Kulykiv Jewish Cemetery

Cemetery Information

Country
Ukraine
Region
Lviv
District
Zhovkva
Settlement
Kulykiv
Site address
The cemetery site is located adjacent to the house at 50, Shevchenka Street.
GPS coordinates
49.98031, 24.07074
Perimeter length
384 metres
Is the cemetery demolished
yes
Type and height of existing fence
No fence
Preservation condition
Demolished and overbuilt Jewish cemetery
General site condition
Private houses were built over the north-eastern and central parts of the cemetery site. The southern part of the site is undeveloped, and a waste dump is located there.
Number of existing gravestones
No tombstones preserved
Date of oldest tombstone
Date of newest tombstone
Urgency of erecting a fence
Fence is not needed
Land ownership
Private
Preserved construction on site
There are foundations of two demolished buildings on the site. According to locals, one of them was used as a mikvah.
Drone surveys
No

Historical overview

The exact period of the cemetery’s establishment is unknown. First, it appears on cadastral maps of 1850. Later it was also marked on the 3rd military survey of the Austro-Hungarian Empire in the 1880s.

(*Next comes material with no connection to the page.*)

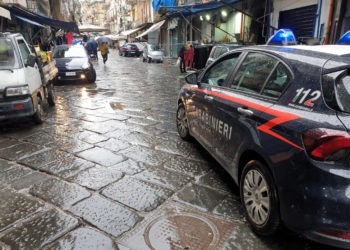Napoli, setacciato il borgo Sant’Antonio Abate: denunciate due persone per furto d’energia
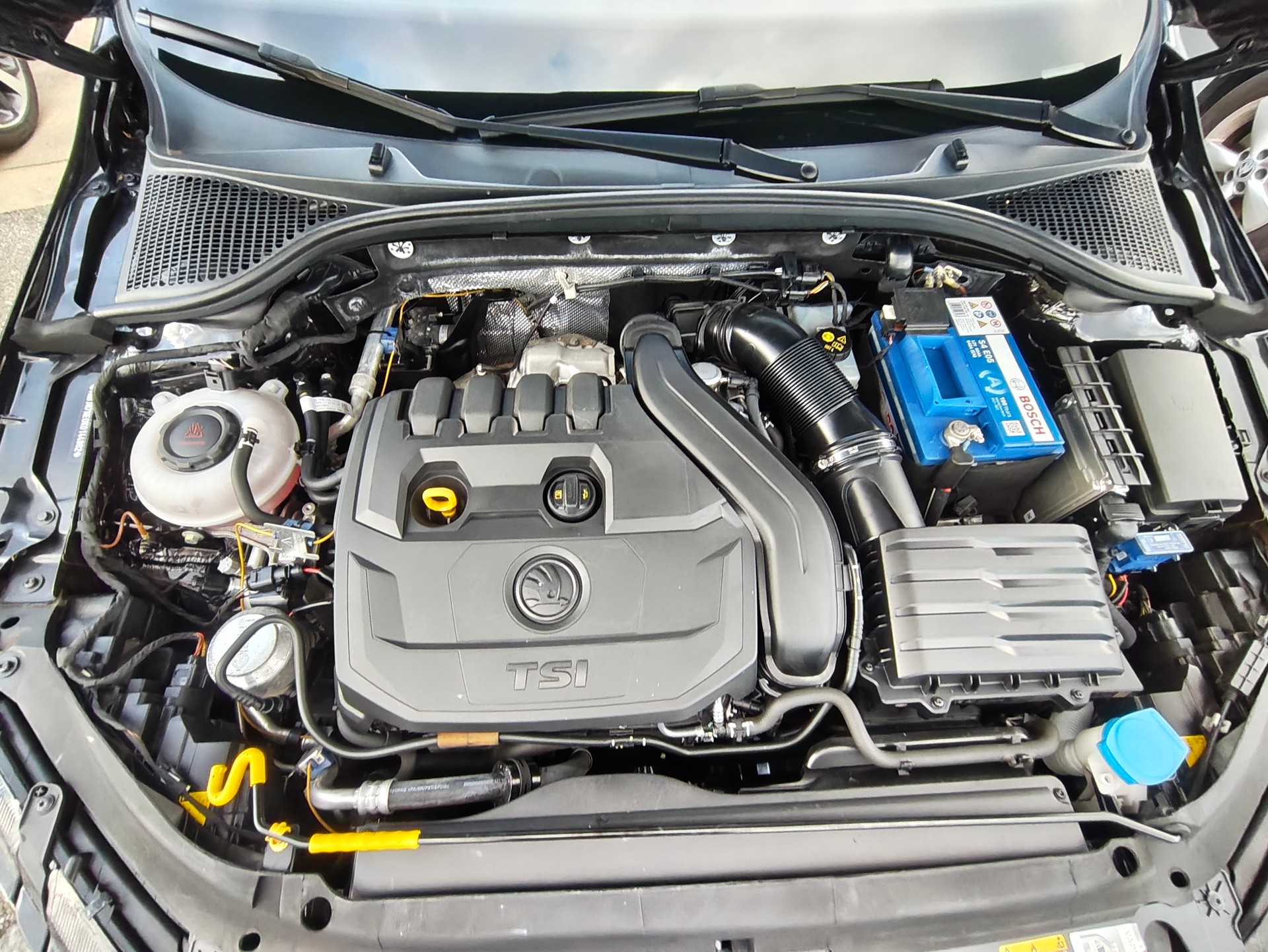 SKODA Octavia Combi 1.5 TSI Soleil DSG-image-11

The Jews settled in Kulykiv in the mid-16th century. In 1765, 268 Jews resided in Kulykiv. The Council of Four Lands carried out meetings in the town a few times during the 17th and 18th century. The Jewish community was subordinated to the Lviv Kehila until the 17th century. By this time, a synagogue and a cemetery were established. At the beginning of the 19th century, Rabbi Shlomo Kluger (1785–1869), aka Solomon ben Judah Aaron Kluger, was an Av Beit -Din of Brody, and simultaneously he fulfilled the duties of a rabbi in Kulykiv, Rava-Ruska and Lublin. In 1880, the number of Jewish residents of Kulykiv stood at 1,124 (34.8% of the total population). By 1921, the Jewish population dropped to 509 (17.6% of the total population). In late June 1941, the Wehrmacht troops occupied Kulikov. On July 1, 1941, the Ukrainian police staged a pogrom. In September 1941, two labour camps were established in the surrounding villages. On November 25, 1942, 586 Jews were deported to the Belzec death camp, and the remnants were expelled to the Zhovkva ghetto.